Last weekend we had a surprise insight into the mud brick world of Melbourne. The district of Eltham (that’s El- tham, not Elt-ham) was hosting a “Practically Green” environmental festival, but we got much more than we bargained for when we ended up on an organised tour of local mudbrick houses.
Now I know nothing about mudbrick, as it’s a technique not really used in the UK, or in Europe for that matter. I’ve come across lots of cob and rammed earth, of course, but this is a bit different, since the mud/straw mixture is actually shaped into bricks before its used. Maybe it needs a warmer climate to dry the bricks?
The Tour started at Montsalvat, an artist community founded by Justus Jorgenson, who designed and built the Great Hall using pis-de-terre (rammed earth) and mudbrick techniques. Montsalvat was also home to Alistair Knox , who inspired several of the houses on the tour. In fact, one of the houses was his own which was built in the early 1960’s and continued to be his home until his death in 1986.
Even though the technique itself was unfamiliar to me, what did seem to resonate was the the beautiful gardens and the way the outside was invited in by way of large window openings. I also the appreciated the way the houses sit snugly in the landscape – often dug into the side of a hill. Huge round timbers held up decorated gables and coloured glass in the roof let in sunlight to warm and brighten the rooms. Knox was obviously pioneering an environmental design which we can see in many natural homes today, like those built by Tony Wrench or Simon Dale in Wales.

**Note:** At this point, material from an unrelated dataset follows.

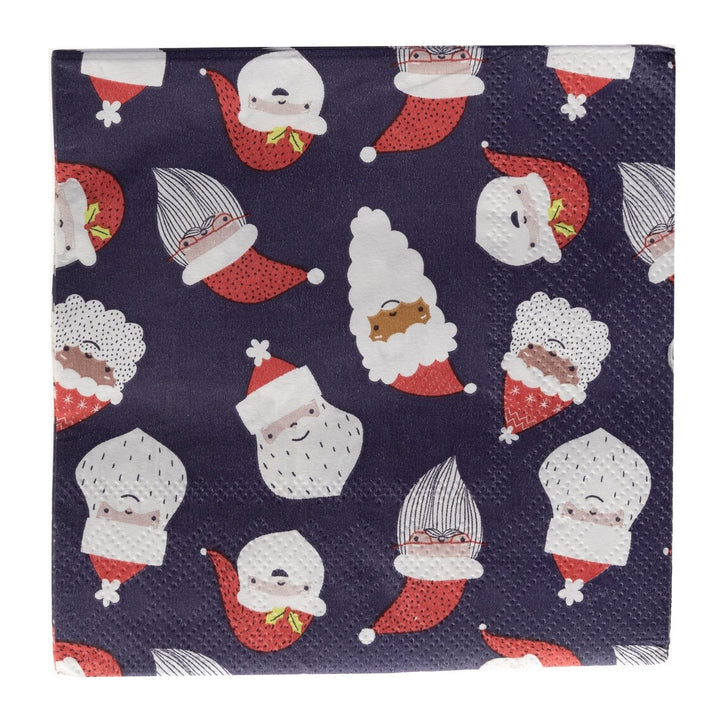 Santa Pattern Holiday Cocktail Napkins - Graphique de France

A Veteran of over 1000 house builds, Knox was not an architect by trade, in fact, his first job was in a bank. On his release from the navy in 1945, he began a course in building construction and at the same time, started work on two houses. At that time, materials were in short supply, but Knox was interested in trying out new techniques and had a particular theory about “bringing the building and the natural environment together into one indivisible whole”. Ah yes, that makes sense now. Knox even got the banks to finance one of his builds, by quoting an academic study submitted to the Commonwealth Experimental Building Station which vouched for the safety of mudbrick walls.
At Alistair’s house, we bumped into a student of Knox, Bohdan Kuzyk, who designed another of the houses, home of artist Jenni Mitchell. Jenni’s home sits in a mature orchard garden. The scent of citrus blossom alone makes it feel tropical. The house is home not only her and her partner, but also her luminous paintings. These homes definitely invite one to live with soul inside them.
The Eltham Mudbrick Tour has been going since 1964 and so far, it has only been cancelled once, following the fatal Black Saturday bush fires of 2009 in Kinglake, Victoria. At present, it is organised by the Nillumbick Music Support group, and promoted by the Nullumbick Mudbrick Association, who promote mudbrick building, particularly in the Eltham area.
Because we got caught up in the Tour, we missed the demonstration of mudbrick making which was happening at the “Practically Green” environmental festival. I’ll try to find someone to show me and make a little film about it soon for the Living in the Future series.